## EXERCISE DETAILS
Every line below from the one containing "Robo90 - Raspberry" through the one containing "ON-EAR-KOPFH�RER RHP-6 GELB" is to be printed exactly, with the pictures omitted.

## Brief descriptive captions
——————————

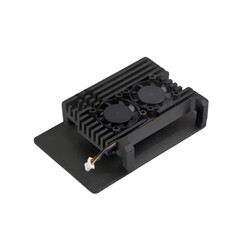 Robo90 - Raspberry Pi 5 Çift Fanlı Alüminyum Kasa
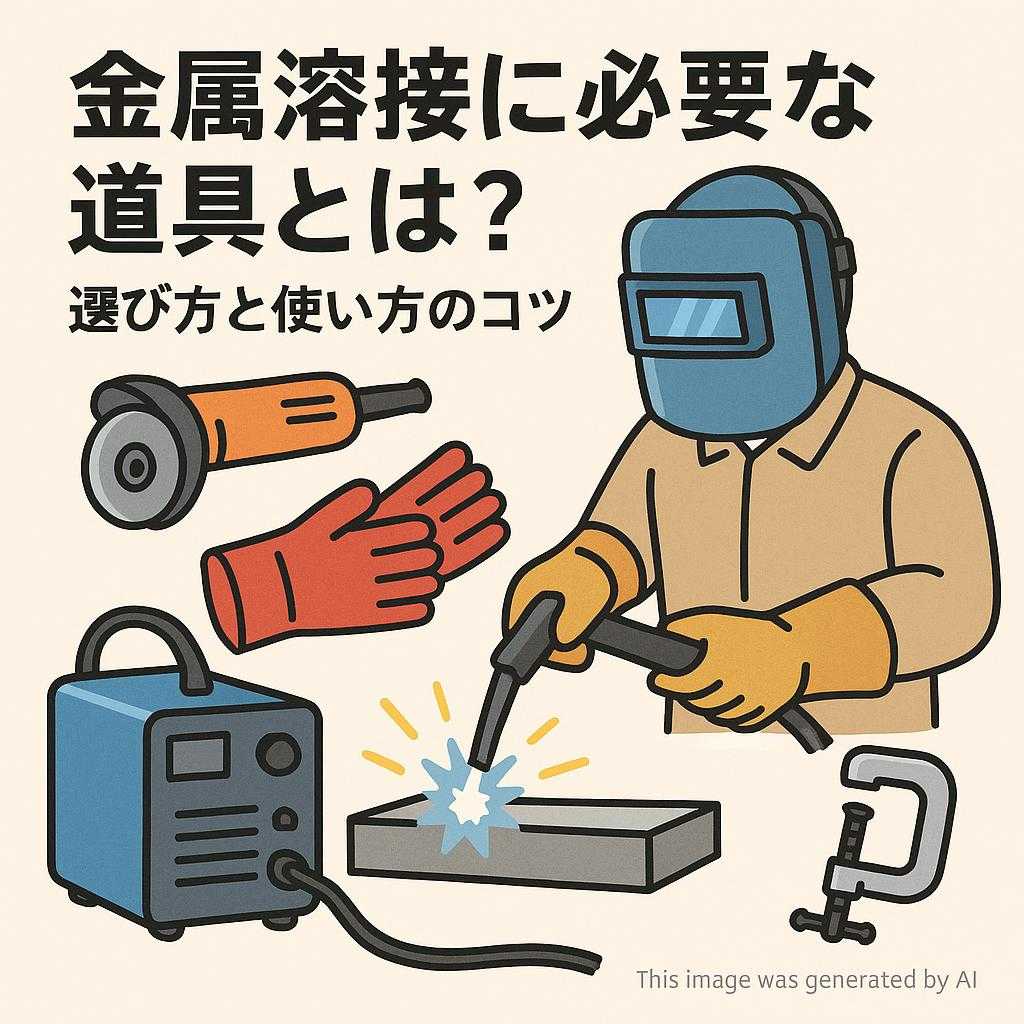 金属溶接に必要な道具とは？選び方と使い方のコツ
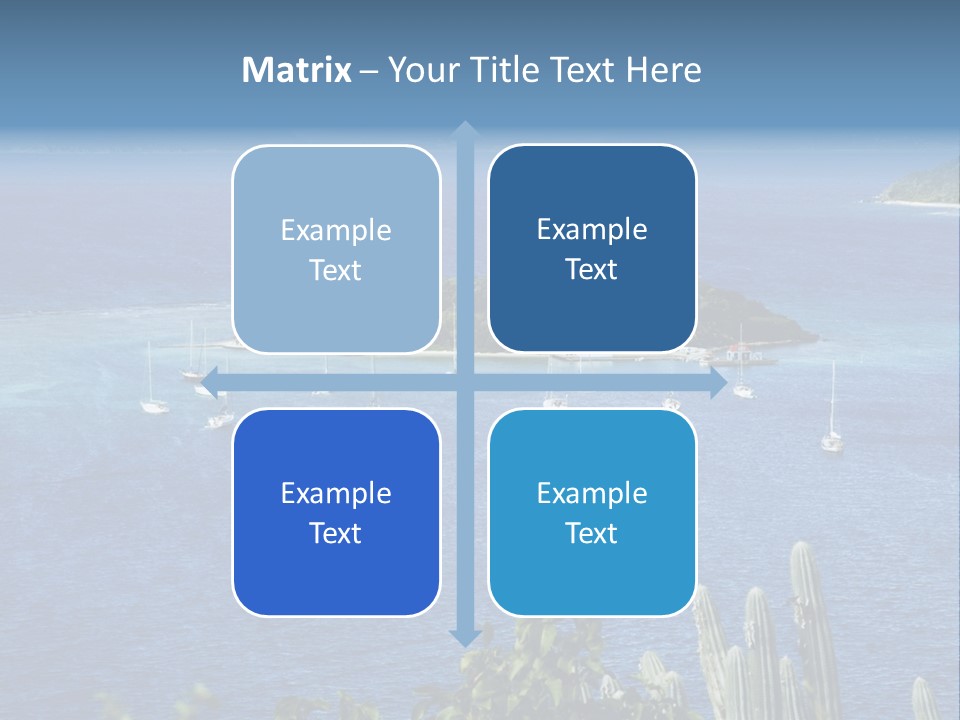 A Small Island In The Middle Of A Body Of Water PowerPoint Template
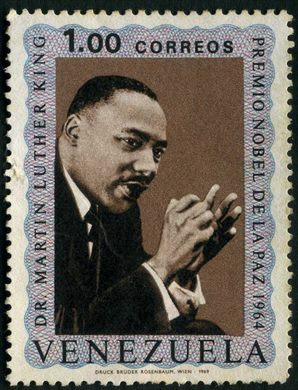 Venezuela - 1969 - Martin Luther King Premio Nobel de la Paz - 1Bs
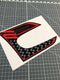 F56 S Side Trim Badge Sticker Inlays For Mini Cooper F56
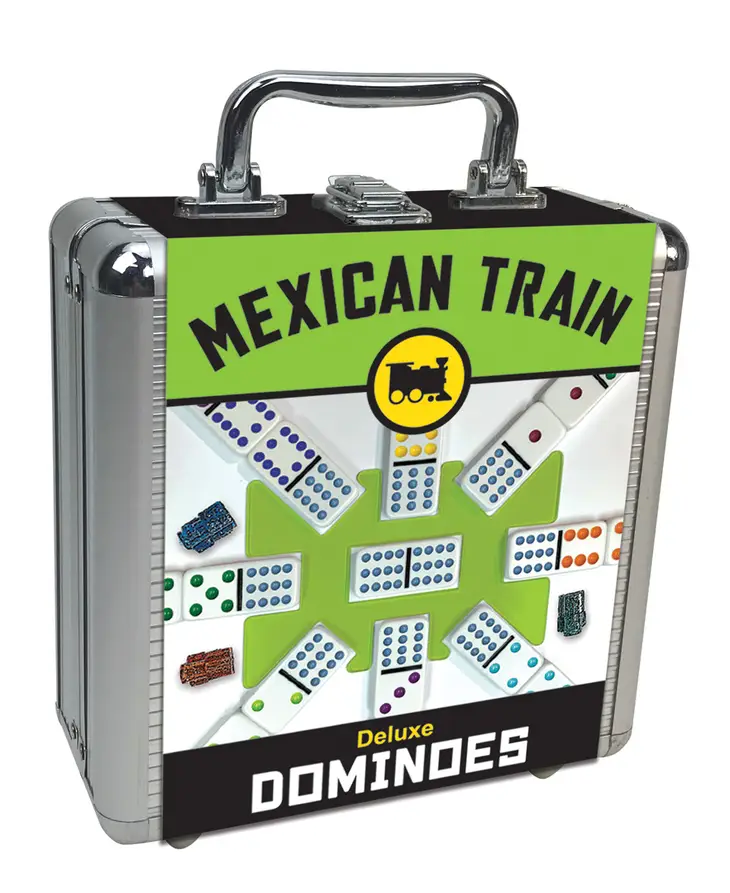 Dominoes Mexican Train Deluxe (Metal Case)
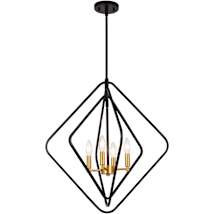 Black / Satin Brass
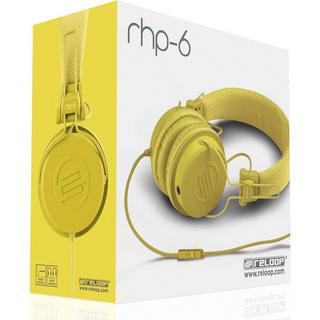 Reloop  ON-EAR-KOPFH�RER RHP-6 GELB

——————————

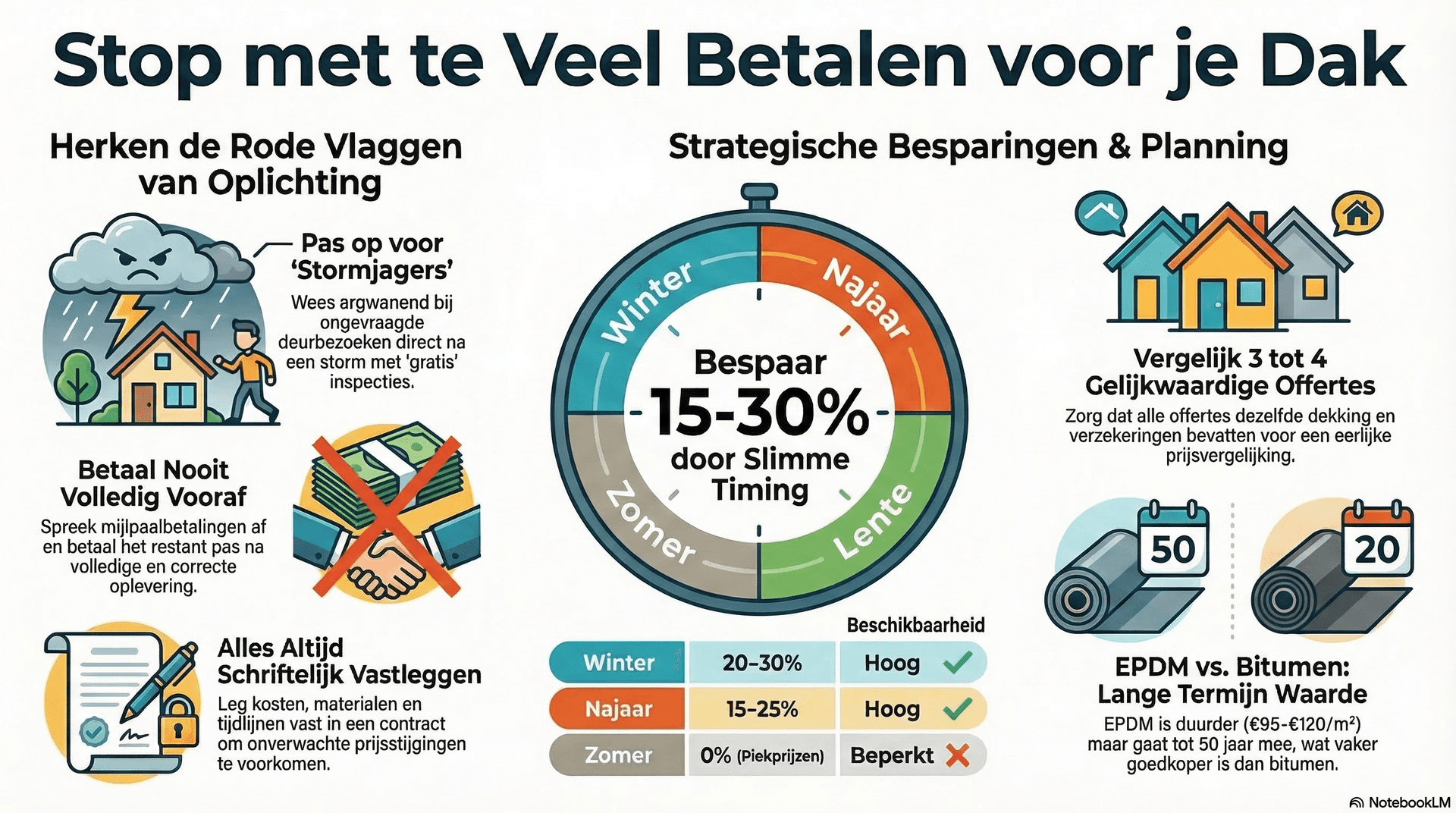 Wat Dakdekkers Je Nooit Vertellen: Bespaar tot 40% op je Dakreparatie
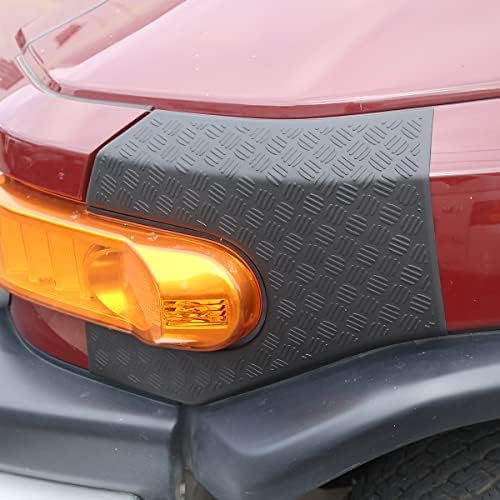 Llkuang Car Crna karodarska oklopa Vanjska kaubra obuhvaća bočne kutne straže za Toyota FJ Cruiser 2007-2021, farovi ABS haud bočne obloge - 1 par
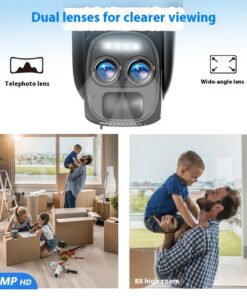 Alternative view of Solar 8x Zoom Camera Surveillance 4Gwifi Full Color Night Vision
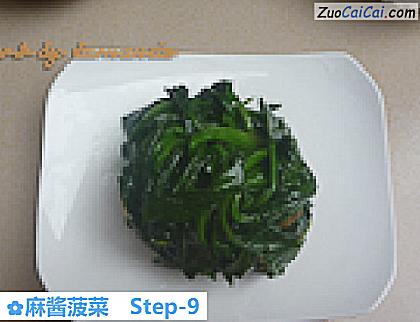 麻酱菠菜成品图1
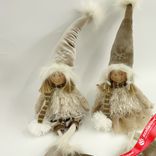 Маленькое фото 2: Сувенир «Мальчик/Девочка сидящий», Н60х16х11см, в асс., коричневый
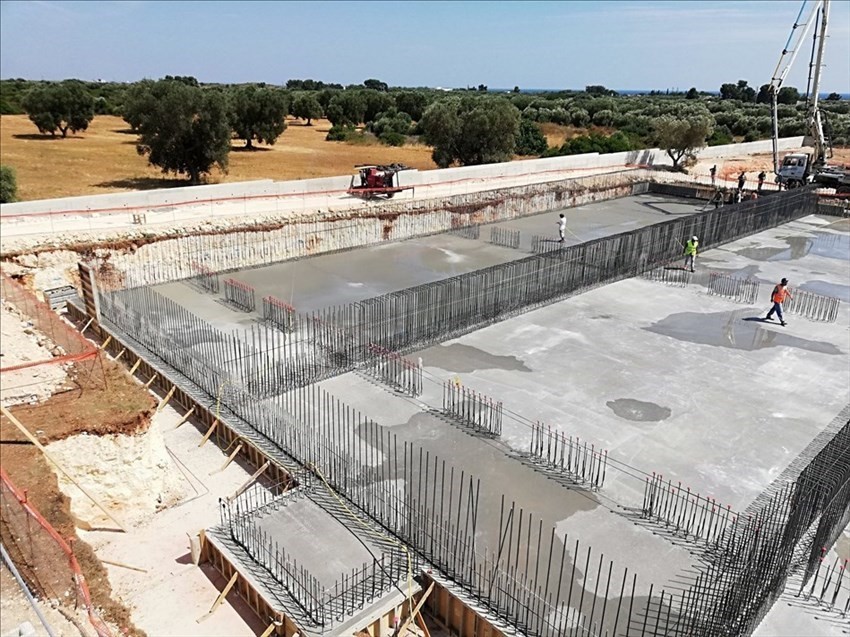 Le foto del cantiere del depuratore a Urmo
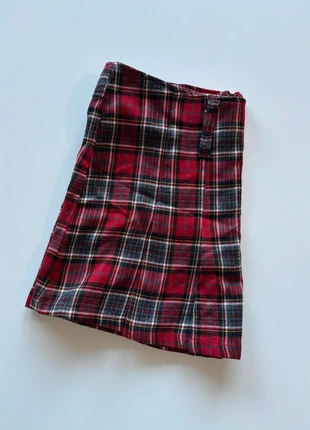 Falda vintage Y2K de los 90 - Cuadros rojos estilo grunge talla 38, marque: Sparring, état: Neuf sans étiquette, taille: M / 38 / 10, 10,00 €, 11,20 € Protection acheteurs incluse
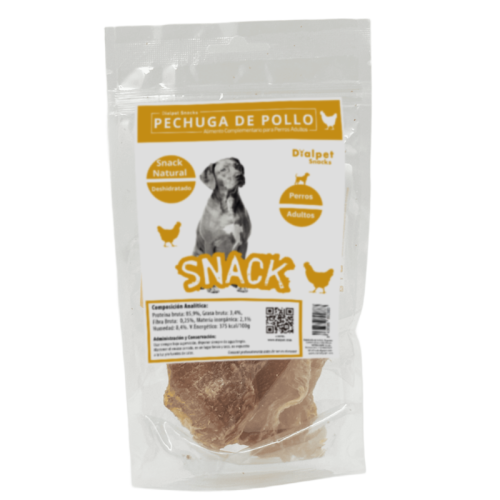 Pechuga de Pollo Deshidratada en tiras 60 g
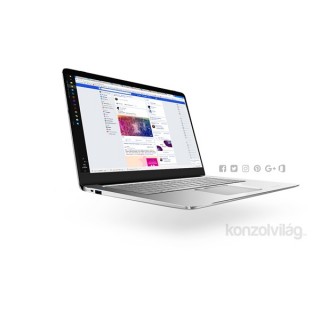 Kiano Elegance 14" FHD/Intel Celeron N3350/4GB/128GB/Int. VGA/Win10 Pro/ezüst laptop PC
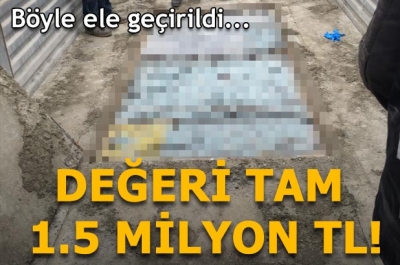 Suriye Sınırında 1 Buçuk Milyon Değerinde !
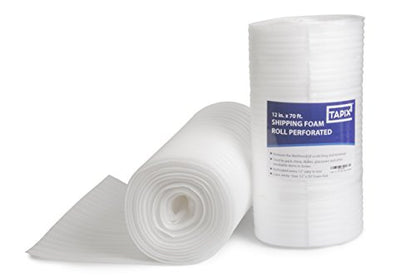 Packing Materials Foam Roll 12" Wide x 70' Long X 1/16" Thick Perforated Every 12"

——————————

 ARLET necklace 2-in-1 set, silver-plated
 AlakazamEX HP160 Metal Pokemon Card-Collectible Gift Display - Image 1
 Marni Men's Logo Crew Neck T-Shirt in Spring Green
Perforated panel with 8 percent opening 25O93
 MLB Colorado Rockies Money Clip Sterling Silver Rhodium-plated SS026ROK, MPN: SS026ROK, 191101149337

——————————

## ANSWER
 Robo90 - Raspberry Pi 5 Çift Fanlı Alüminyum Kasa
 金属溶接に必要な道具とは？選び方と使い方のコツ
 A Small Island In The Middle Of A Body Of Water PowerPoint Template
 Venezuela - 1969 - Martin Luther King Premio Nobel de la Paz - 1Bs
 F56 S Side Trim Badge Sticker Inlays For Mini Cooper F56
 Dominoes Mexican Train Deluxe (Metal Case)
 Black / Satin Brass
 Reloop  ON-EAR-KOPFH�RER RHP-6 GELB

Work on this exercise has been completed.